When the path for getting your next book out in the world is a hamster wheel of rejection—one long, squeaky NO spinning like a broken record—go forth into the sunshine should there be any in your rainy Pacific Northwest city and revel among a genial band of other writers and readers as you all celebrate someone else’s book.
In a week of rainy days, the sky cleared mid-day last Saturday for a late afternoon garden book party in Rita Wirkala’s backyard. The occasion was to celebrate her Spanish translation of Joyce Yarrow’s 2020 release of Zahara and the Lost Books of Light, about a twenty-first-century American woman who travels to Spain to petition for citizenship as a descendent of Jews expelled during the Inquisition and becomes involved in an effort to preserve a secret library of medieval Hebrew and Arabic books saved from the book burnings promulgated by the Catholic monarchy. In short, a book of intrigue and suspense entwined in history, politics, and religious philosophy. Now in Spanish!
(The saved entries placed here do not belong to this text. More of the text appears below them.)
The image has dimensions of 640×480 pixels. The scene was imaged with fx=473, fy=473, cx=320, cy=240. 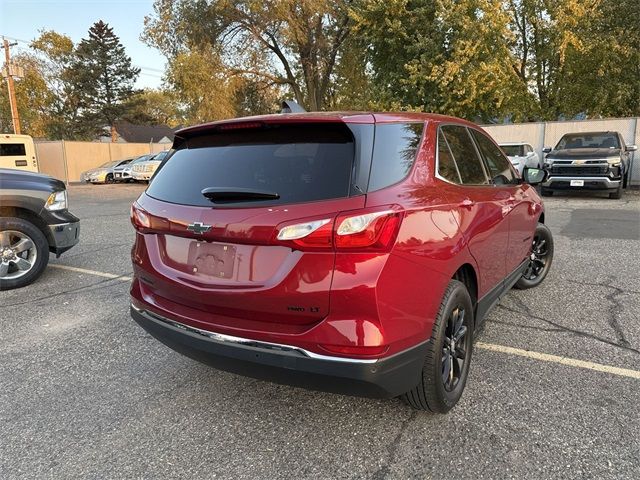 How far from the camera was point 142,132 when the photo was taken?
5972cm

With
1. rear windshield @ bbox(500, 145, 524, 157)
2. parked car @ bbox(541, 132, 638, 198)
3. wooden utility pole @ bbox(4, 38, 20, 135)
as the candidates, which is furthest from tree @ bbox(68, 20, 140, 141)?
parked car @ bbox(541, 132, 638, 198)

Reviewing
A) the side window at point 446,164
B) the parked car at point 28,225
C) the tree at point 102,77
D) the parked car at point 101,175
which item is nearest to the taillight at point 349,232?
the side window at point 446,164

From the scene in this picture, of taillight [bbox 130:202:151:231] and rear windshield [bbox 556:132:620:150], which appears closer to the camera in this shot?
taillight [bbox 130:202:151:231]

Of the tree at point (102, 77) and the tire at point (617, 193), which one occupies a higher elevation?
the tree at point (102, 77)

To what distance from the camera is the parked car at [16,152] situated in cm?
1859

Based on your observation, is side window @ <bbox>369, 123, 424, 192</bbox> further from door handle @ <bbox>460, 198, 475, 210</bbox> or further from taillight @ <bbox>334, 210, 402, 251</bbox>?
door handle @ <bbox>460, 198, 475, 210</bbox>

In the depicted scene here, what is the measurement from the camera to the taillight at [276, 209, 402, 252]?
6.78 ft

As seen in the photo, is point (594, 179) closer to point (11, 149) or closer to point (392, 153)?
point (392, 153)

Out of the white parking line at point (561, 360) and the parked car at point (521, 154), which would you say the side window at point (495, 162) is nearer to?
the white parking line at point (561, 360)

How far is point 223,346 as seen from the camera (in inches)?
92.2

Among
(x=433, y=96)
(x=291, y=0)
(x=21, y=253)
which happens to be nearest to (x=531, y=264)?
(x=21, y=253)

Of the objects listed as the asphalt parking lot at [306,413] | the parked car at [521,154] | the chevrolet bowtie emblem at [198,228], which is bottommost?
the asphalt parking lot at [306,413]

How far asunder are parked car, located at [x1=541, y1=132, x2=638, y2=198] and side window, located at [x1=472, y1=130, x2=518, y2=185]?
10.5 metres

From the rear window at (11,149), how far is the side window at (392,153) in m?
20.8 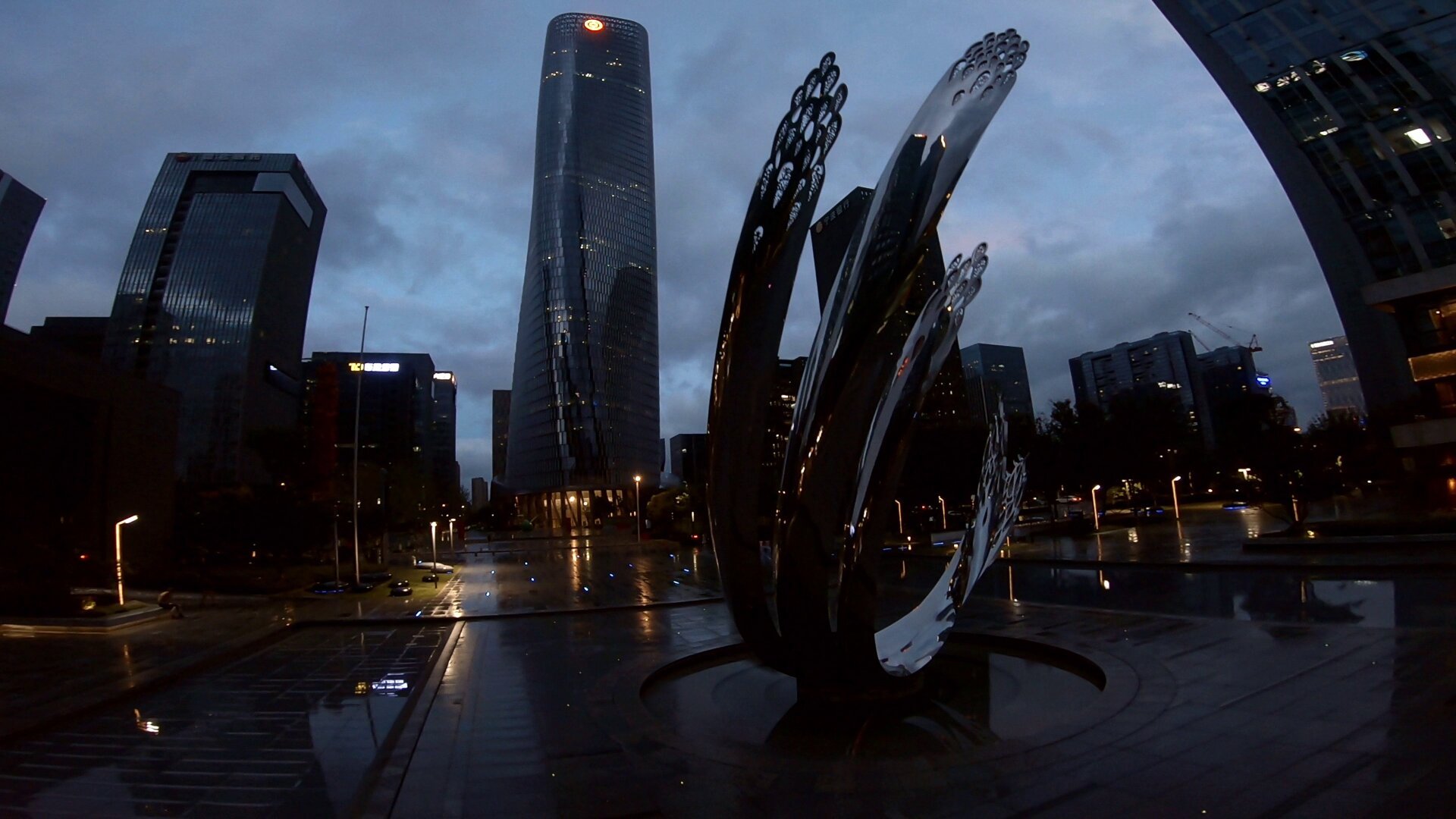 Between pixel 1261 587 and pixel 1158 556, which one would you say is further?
pixel 1158 556

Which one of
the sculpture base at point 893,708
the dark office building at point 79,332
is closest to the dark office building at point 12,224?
the sculpture base at point 893,708

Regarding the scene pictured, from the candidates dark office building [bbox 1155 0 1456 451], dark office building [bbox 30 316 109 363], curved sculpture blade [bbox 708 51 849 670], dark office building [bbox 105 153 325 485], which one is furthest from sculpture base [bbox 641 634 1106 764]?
dark office building [bbox 30 316 109 363]

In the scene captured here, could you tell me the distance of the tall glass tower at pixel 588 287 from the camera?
116m

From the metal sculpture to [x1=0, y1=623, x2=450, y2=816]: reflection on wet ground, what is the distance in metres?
4.45

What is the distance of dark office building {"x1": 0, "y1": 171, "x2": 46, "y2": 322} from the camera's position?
45688mm

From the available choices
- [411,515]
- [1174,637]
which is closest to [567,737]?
[1174,637]

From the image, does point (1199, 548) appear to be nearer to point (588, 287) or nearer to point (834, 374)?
point (834, 374)

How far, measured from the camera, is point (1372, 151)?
147 ft

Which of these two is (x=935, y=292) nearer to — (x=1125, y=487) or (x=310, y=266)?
(x=1125, y=487)

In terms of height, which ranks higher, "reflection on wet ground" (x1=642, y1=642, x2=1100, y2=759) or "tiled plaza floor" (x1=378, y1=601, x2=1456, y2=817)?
"tiled plaza floor" (x1=378, y1=601, x2=1456, y2=817)

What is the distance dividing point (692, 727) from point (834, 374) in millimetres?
4333

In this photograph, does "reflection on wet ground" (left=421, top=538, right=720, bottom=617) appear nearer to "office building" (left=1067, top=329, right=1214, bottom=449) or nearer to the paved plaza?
the paved plaza

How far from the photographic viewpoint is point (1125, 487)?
9319 centimetres

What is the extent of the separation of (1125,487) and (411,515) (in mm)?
81441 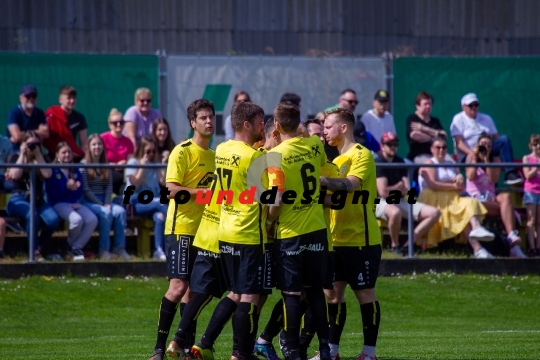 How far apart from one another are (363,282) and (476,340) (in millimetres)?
2538

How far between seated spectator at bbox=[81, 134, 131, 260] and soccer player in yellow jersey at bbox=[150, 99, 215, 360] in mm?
4673

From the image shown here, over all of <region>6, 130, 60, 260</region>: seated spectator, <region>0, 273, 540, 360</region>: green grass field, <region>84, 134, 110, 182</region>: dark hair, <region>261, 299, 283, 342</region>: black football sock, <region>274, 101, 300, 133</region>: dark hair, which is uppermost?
<region>274, 101, 300, 133</region>: dark hair

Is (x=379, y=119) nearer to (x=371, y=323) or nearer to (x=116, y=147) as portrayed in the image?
(x=116, y=147)

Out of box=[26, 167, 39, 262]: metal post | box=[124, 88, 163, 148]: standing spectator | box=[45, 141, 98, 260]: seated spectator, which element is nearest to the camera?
box=[26, 167, 39, 262]: metal post

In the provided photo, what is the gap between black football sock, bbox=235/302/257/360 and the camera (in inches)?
357

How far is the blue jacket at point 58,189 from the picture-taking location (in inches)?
565

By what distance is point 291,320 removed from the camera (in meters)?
9.19

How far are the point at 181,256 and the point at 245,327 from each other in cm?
108

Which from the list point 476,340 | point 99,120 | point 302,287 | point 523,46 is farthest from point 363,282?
point 523,46

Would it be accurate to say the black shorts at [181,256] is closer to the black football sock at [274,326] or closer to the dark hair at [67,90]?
the black football sock at [274,326]

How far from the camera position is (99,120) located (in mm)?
17234

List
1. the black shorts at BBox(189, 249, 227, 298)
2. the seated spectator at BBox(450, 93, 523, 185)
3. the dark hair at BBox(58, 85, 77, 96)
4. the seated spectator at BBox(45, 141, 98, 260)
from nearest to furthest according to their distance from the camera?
the black shorts at BBox(189, 249, 227, 298)
the seated spectator at BBox(45, 141, 98, 260)
the dark hair at BBox(58, 85, 77, 96)
the seated spectator at BBox(450, 93, 523, 185)

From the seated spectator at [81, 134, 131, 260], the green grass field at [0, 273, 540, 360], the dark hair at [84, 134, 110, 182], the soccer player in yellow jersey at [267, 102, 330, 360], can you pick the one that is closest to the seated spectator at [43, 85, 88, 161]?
the dark hair at [84, 134, 110, 182]

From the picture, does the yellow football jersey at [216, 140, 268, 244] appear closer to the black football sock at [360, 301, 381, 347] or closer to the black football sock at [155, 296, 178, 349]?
the black football sock at [155, 296, 178, 349] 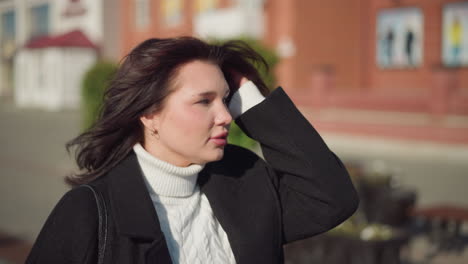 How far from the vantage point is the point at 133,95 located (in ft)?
6.70

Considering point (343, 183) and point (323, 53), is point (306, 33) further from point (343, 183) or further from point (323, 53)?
point (343, 183)

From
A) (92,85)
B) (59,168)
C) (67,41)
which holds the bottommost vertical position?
(59,168)

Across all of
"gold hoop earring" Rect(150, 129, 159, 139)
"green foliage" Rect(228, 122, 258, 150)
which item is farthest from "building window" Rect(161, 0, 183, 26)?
"gold hoop earring" Rect(150, 129, 159, 139)

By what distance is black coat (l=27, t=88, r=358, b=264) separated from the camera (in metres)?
1.97

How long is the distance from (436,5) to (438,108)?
855cm

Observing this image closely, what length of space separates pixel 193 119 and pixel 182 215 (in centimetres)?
33

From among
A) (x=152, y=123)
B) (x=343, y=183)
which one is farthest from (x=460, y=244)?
(x=152, y=123)

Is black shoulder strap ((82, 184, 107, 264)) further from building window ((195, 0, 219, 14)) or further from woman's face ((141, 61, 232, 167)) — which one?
building window ((195, 0, 219, 14))

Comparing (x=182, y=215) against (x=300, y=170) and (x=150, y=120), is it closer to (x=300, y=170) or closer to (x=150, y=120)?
(x=150, y=120)

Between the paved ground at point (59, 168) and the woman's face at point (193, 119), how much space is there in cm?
467

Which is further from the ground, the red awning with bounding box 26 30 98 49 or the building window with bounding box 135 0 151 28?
the building window with bounding box 135 0 151 28

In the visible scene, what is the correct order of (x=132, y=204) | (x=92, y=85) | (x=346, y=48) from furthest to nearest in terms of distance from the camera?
(x=346, y=48), (x=92, y=85), (x=132, y=204)

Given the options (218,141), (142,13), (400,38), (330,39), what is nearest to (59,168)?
(218,141)

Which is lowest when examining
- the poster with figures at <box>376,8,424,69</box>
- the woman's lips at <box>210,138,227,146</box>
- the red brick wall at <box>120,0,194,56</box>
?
the woman's lips at <box>210,138,227,146</box> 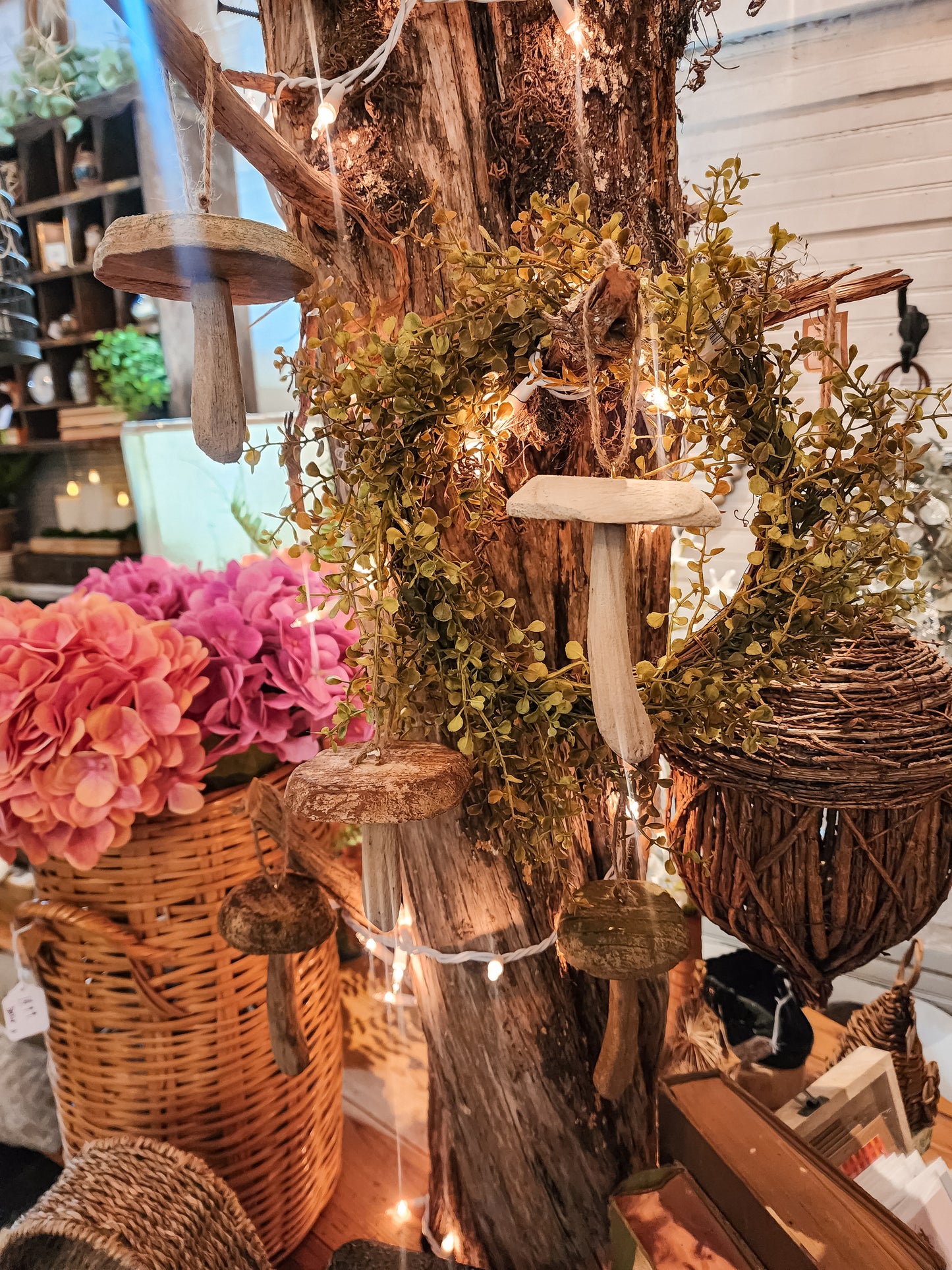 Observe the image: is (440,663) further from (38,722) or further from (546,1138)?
(546,1138)

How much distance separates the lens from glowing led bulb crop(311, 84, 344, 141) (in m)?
0.69

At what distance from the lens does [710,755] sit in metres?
0.76

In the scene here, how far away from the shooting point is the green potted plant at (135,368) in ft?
6.00

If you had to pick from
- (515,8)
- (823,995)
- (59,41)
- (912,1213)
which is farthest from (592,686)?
(59,41)

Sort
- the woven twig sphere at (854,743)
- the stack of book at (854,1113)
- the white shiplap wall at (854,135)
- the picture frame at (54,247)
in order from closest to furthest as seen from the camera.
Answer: the woven twig sphere at (854,743), the stack of book at (854,1113), the white shiplap wall at (854,135), the picture frame at (54,247)

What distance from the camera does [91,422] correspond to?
1.85 meters

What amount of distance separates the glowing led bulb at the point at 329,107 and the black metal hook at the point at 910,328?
3.49ft

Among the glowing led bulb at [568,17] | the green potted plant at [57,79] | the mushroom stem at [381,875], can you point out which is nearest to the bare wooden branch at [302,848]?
the mushroom stem at [381,875]

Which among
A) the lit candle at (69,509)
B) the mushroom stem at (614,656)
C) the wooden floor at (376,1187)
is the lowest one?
the wooden floor at (376,1187)

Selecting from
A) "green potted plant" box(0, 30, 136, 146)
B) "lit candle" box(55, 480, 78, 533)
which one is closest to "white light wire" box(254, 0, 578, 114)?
"green potted plant" box(0, 30, 136, 146)

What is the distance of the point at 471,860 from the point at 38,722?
1.50 feet

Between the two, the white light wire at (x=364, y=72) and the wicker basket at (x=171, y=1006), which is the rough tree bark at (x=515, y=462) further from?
the wicker basket at (x=171, y=1006)

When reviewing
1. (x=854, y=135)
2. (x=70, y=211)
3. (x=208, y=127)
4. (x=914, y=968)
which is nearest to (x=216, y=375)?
(x=208, y=127)

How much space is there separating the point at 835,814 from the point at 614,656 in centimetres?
35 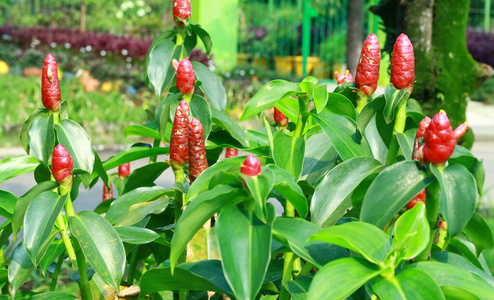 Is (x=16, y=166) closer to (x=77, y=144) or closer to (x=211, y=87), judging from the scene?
(x=77, y=144)

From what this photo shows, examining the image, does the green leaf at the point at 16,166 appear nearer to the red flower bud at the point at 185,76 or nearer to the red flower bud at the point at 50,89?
the red flower bud at the point at 50,89

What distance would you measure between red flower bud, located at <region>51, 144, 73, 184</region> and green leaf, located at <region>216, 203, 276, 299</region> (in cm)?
40

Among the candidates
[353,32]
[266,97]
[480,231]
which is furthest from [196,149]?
[353,32]

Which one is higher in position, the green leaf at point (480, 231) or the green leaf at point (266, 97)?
the green leaf at point (266, 97)

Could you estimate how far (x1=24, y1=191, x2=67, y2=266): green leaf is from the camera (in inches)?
48.3

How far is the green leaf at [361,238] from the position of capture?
1022 millimetres

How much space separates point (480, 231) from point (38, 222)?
91 cm

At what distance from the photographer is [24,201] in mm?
1319

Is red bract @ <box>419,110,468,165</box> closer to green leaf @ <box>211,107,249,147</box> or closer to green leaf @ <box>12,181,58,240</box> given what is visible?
green leaf @ <box>211,107,249,147</box>

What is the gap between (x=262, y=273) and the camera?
1.02m

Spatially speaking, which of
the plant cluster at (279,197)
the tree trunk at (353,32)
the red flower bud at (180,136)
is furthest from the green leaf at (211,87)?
the tree trunk at (353,32)

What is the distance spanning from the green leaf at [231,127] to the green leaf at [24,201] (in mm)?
460

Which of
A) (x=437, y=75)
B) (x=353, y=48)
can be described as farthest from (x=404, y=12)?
(x=353, y=48)

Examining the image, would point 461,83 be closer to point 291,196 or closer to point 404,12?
point 404,12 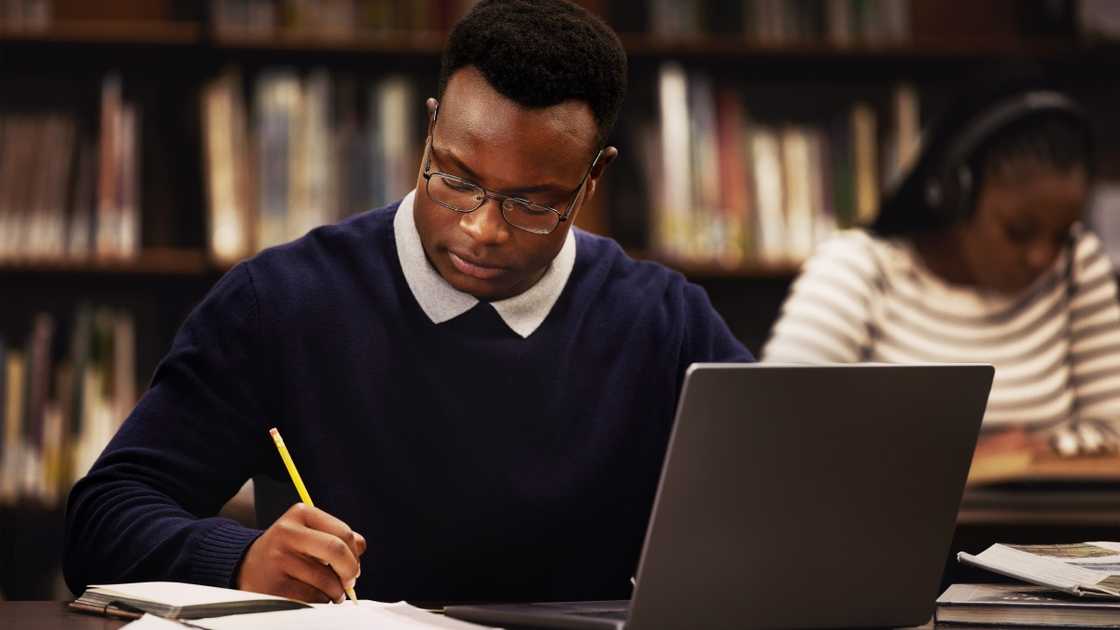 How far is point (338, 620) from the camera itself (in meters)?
0.92

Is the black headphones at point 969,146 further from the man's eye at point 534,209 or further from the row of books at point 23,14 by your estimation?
the row of books at point 23,14

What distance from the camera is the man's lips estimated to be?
51.8 inches

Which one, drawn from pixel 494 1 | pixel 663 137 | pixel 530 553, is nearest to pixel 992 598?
pixel 530 553

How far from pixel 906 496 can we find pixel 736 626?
0.16 metres

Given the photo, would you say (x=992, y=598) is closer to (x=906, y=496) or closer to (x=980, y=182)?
(x=906, y=496)

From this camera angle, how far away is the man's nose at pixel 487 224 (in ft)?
4.13

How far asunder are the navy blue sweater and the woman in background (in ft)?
3.65

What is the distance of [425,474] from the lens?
4.40 feet

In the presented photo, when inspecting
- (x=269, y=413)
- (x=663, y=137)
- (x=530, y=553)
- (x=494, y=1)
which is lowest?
(x=530, y=553)

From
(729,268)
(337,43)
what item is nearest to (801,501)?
(729,268)

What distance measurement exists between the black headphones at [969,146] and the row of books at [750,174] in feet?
0.65

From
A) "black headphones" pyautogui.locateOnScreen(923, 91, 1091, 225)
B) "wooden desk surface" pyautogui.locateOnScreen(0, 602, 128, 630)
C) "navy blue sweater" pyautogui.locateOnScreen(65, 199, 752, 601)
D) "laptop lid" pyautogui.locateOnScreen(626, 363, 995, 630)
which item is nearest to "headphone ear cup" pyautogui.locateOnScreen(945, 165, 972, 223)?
"black headphones" pyautogui.locateOnScreen(923, 91, 1091, 225)

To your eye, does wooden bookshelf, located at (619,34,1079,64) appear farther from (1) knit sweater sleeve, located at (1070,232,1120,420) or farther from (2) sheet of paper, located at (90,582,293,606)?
(2) sheet of paper, located at (90,582,293,606)

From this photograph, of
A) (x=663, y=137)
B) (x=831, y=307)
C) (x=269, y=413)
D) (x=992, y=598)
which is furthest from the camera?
(x=663, y=137)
When I arrived, not knowing if I would find familiar faces, two of the other guests approached me to tell me they had read my book. I didn’t ask which book. It didn’t matter. It only mattered that they had read one. Such unprompted and entirely welcome comments remind me that the work I already have out in the world has found its way into the hands of appreciative readers. The hamster-wheel squeak of rejection was temporarily reduced to a peep.
Most of the guests were native Spanish speakers and the lilt in conversations around me in the language that I have been trying to acquire in earnest for the past several years further lightened my mood. There was time to chat with a few people before the presentation began, but I was too timid to practice my Spanish. Timid is my middle name. Tímida.
At the start of the program, Rita called out the name (no middle names) of each guest with a few words of introduction. The roll call was a lovely and expedient way to find out who was present at the event̅—among them the economics professor from Mexico on a research Fulbright who is also a writer and the state biologist who on the side reports on immigrant issues for NPR, both of whom I enjoyed conversations with later.
Speaking of introductions, here are a few words about Rita. Born in Argentina, Rita’s first career was as a musician and singer. During the military dictatorship, she left her homeland for Brazil where she lived and worked for thirteen years, becoming fluent in Portuguese before moving to the United States where she learned English and eventually earned a Ph.D. in Spanish Literature. She taught Spanish for twenty years at the University of Washington. During that time she began writing fiction and founded All Bilingual Press as a “bridge between cultures.” That’s a short, straightforward account but enough for anyone to glean that Rita is a tri-lingual dynamo— a smart, efficient, ball-of-energy constantly teaching and learning and creating books as well as community.
Prompted by questions from Rita, Joyce talked about the impetus for her book and the research she conducted, including travel to Spain. Joyce read a passage from her book and Rita read the Spanish version. It was a riveting reading and discussion not only for the story behind the book but for the friendship and collaboration between two writers. No wonder the skies cleared for this event.
Later, Rita and I sat together at one of the little garden tables, and she asked me how things were going. Ever the party pooper, I told her about my so-far fruitless search for an agent, how after three small-press books I wanted an agent for the opportunity to be picked up by a large publisher and the potential for a wider distribution of my work and thus a wider readership. So, yes, I whined, but I did it politely. Maybe even timidly.
Rita was sympathetic but also looked me in the eye. She talked of how she came to writing late and now at 74 years old, what matters to her is her community. Her books are for them. “If I sell my books only to them, I’m happy.”
I’m not far behind Rita in years. I turn 69 next month. But I’m still a little behind her in arriving at this sentiment. It truly does make sense to me. But I’m not there yet. The truth is I want to outlast that hamster wheel of rejection.
I want more readers. And I want more readers for Rita. I’ve read some of Rita’s stories in translation and love them. I’m a fan of hers. And I’m forever a fan of backyard salons. And of celebrating good books with great people.